METRO police recovered 81 packs of toilet rolls, believed to be eThekwini Municipality property, from a shop in Umgeni Road yesterday.
Durban - About 81 packs of municipal-owned toilet paper were confiscated from a shop during a raid by metro police and other officials in Umgeni Road, Durban, on Monday.

Two men, believed to be from Ethiopia, were arrested for being in possession of property suspected to be stolen.

Metro police said the 81 packs contained 48 toilet rolls each and were believed to be worth R12 000.

The police said expired goods were also seized in the raid.

The raid formed part of a clean-up operation initiated by the eThekwini metro’s municipal manager Sipho Nzuza.

The operation, which will run until Thursday, will see metro police and other authorities assessing the state of buildings, checking business licences and clamping down on illegal roadside panelbeating and mechanic businesses.

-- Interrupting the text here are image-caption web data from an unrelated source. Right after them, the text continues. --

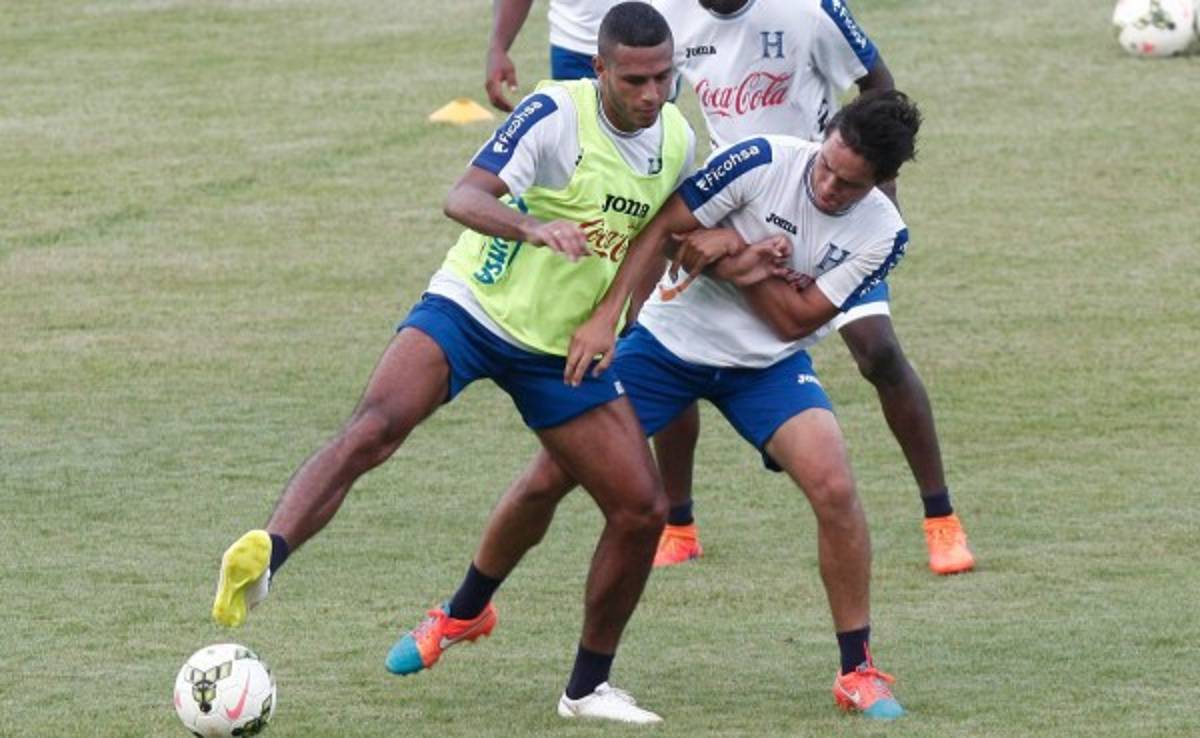 Eddie Hernández debe entrenar la próxima semana con Motagua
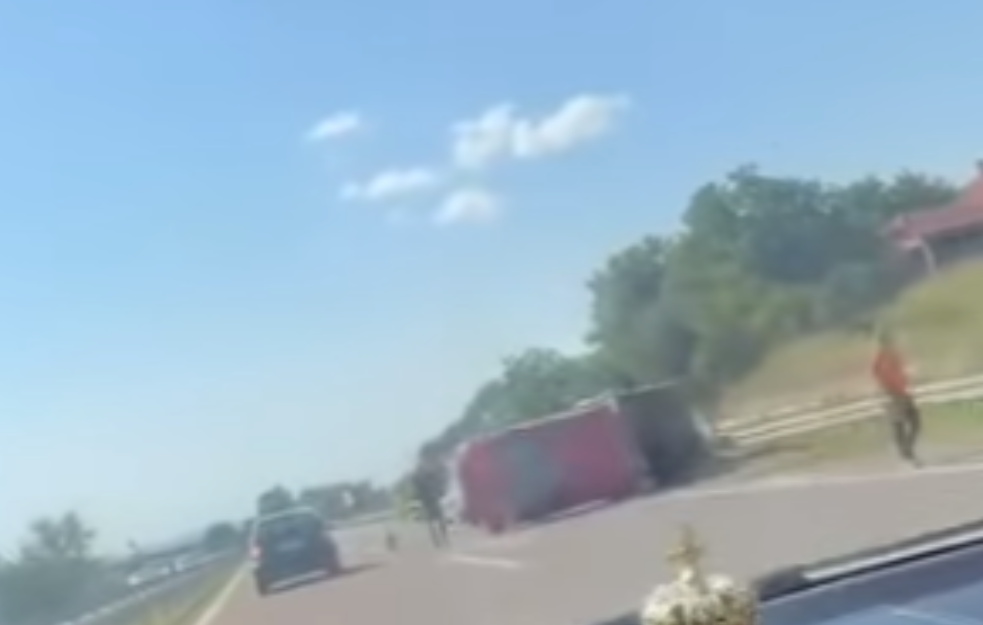 Žestok sudar kod Aleksinca: Automobil se prevrnuo! (VIDEO)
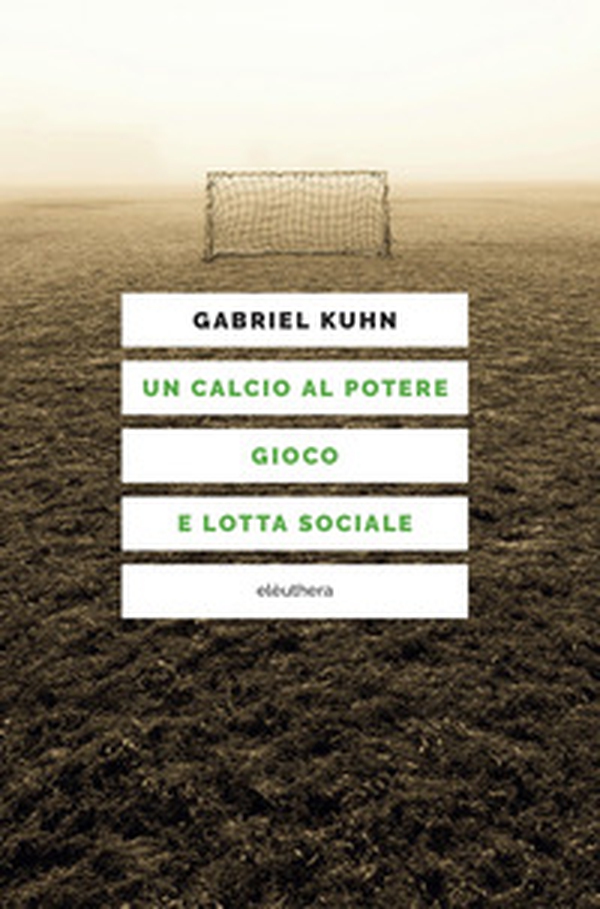 Un calcio al potere. Gioco e lotta sociale - Librerie.coop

Metro police spokesperson Senior Superintendent Parboo Sewpersad said during the raid, officers found the toilet roll consignment.

“The shop owner was asked to produce the proof of payment but did not. An official from the eThekwini Municipality supply chain office was called to the scene to check the toilet roll consignment. She came with three samples and said the toilet rolls belonged to the municipality.”

Sewpersad said the arrested suspects could not provide any information on where they purchased the toilet rolls.

He added that last week, police recovered 329kg of heavy-duty electric cable which belonged to the municipality, from a tavern in KwaMashu.

He said no suspects were arrested but it was confirmed that the cable belonged to the municipality.

EThekwini Municipality spokesperson Msawakhe Mayisela said the city was concerned about municipal- owned property being found in private businesses. “We’ll conduct our investigation to ascertain how those toilet rolls ended up in that retailer.

“If this is true, it borders on nothing but criminality. Action will be taken against anyone of our own found to be responsible for this illicit behaviour,” said Mayisela.